Aji de Gallina Chicken Stew Recipe

Ají de Gallina is a creamy Peruvian stew with succulent chicken in a bright yellow aji amarillo sauce. Nuts, cheese, and bread create a luxurious texture, while spices add depth. Served over rice, it's a comforting taste of Peru's rich culinary heritage.
Prep Time 7 minutes
Cook Time 34 minutes
Servings: 4 People
Course: Main Course, Lunch, Dinner
Cuisine: Peruvian
Calories: 500

Ingredients
  

  • 3 lbs Chicken Whole chicken, boneless, skinless chicken breasts, or even leftover cooked chicken.
  • Ají Amarillo: These vibrant yellow peppers are the heart of the dish.
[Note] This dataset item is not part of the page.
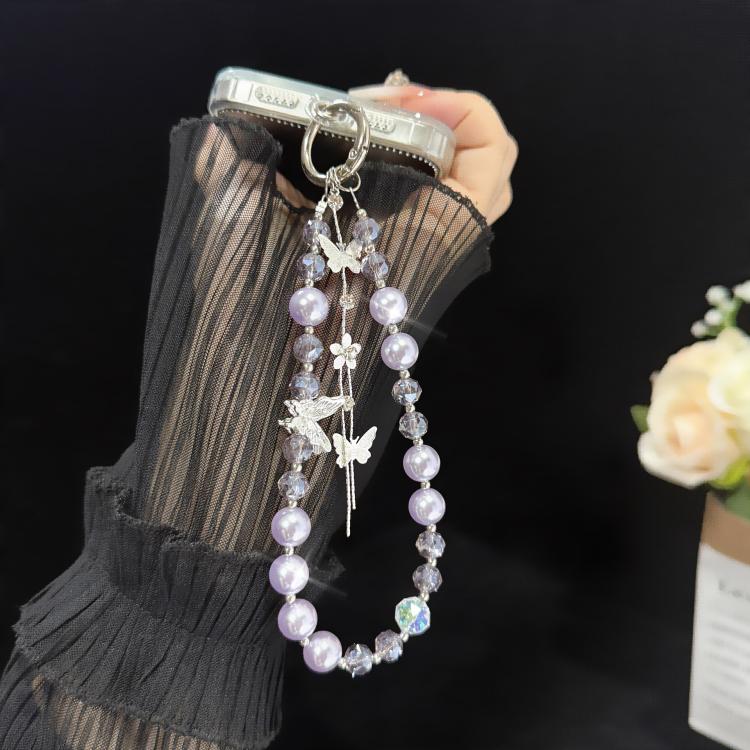 Móc điện thoại tua rua bướm hợp kim, hồng, xanh lá, tím, đỏ, cam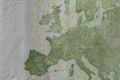 Close-up shot of Europe`s map Royalty Free Stock Photo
If fresh peppers are unavailable aji mirasol paste or a combination of yellow bell pepper and smoked paprika can be used as substitutes.
  • Creamy Base evaporated milk, milk, nuts (walnuts or pecans), and Parmesan cheese combine to create the luxurious texture of the sauce.
  • Aromatics garlic, and spices like turmeric and cumin add depth of flavor.

Equipment

  • 1 Large pot or Dutch Oven This will be your main vessel for cooking the stew
  • 1 Medium Saucepan Optional
  • 1 Blender or Immersion Blender Used to create the smooth creamy sauce
  • 1 Sauté pan For Sautéing the onions and garlic
  • 1 Chef's Knife For all your chopping needs
  • 1 Measuring cups and spoons Ensuring accurate measurements for perfect results
  • 1 Serving Spoon For dishing up your Ají de Gallina creation!

Method
 

  1. Cook the Chicken: Choose your preferred method: poaching, roasting, or using leftover chicken. Shred the cooked chicken.
  2. Prepare the Ají Amarillo: If using fresh peppers, seed and chop them. If using a substitute, follow package instructions.
  3. Sauté the Aromatics: Sauté onions and garlic in olive oil until softened.
  4. Cook the Ají Amarillo: Add the aji amarillo (or substitute) and cook for a few minutes.
  5. Add Spices: Stir in turmeric and cumin to release their aroma.
  6. Blend the Creamy Base: Soak bread in milk and evaporated milk, then blend with nuts and Parmesan cheese until smooth.
  7. Simmer and Combine: Add the creamy base to the aji amarillo mixture, adjust consistency with broth if needed, and simmer for a few minutes.
  8. Incorporate the Chicken: Add the shredded chicken and simmer for an additional 5-7 minutes to allow flavors to meld.
  9. Season and Serve: Adjust seasonings with salt, pepper, and additional aji amarillo (if desired) for spice. Serve over rice with optional accompaniments like boiled potatoes, black olives, hard-boiled eggs, and fresh parsley.

Notes

Tips:
  • Gradually add aji amarillo or substitutes to achieve your desired spice level.
  • Taste and adjust seasonings throughout the cooking process.
  • Leftovers reheat well, store in an airtight container in the refrigerator for up to 3 days.
Enjoy a taste of Peru with this delightful Ají de Gallina recipe!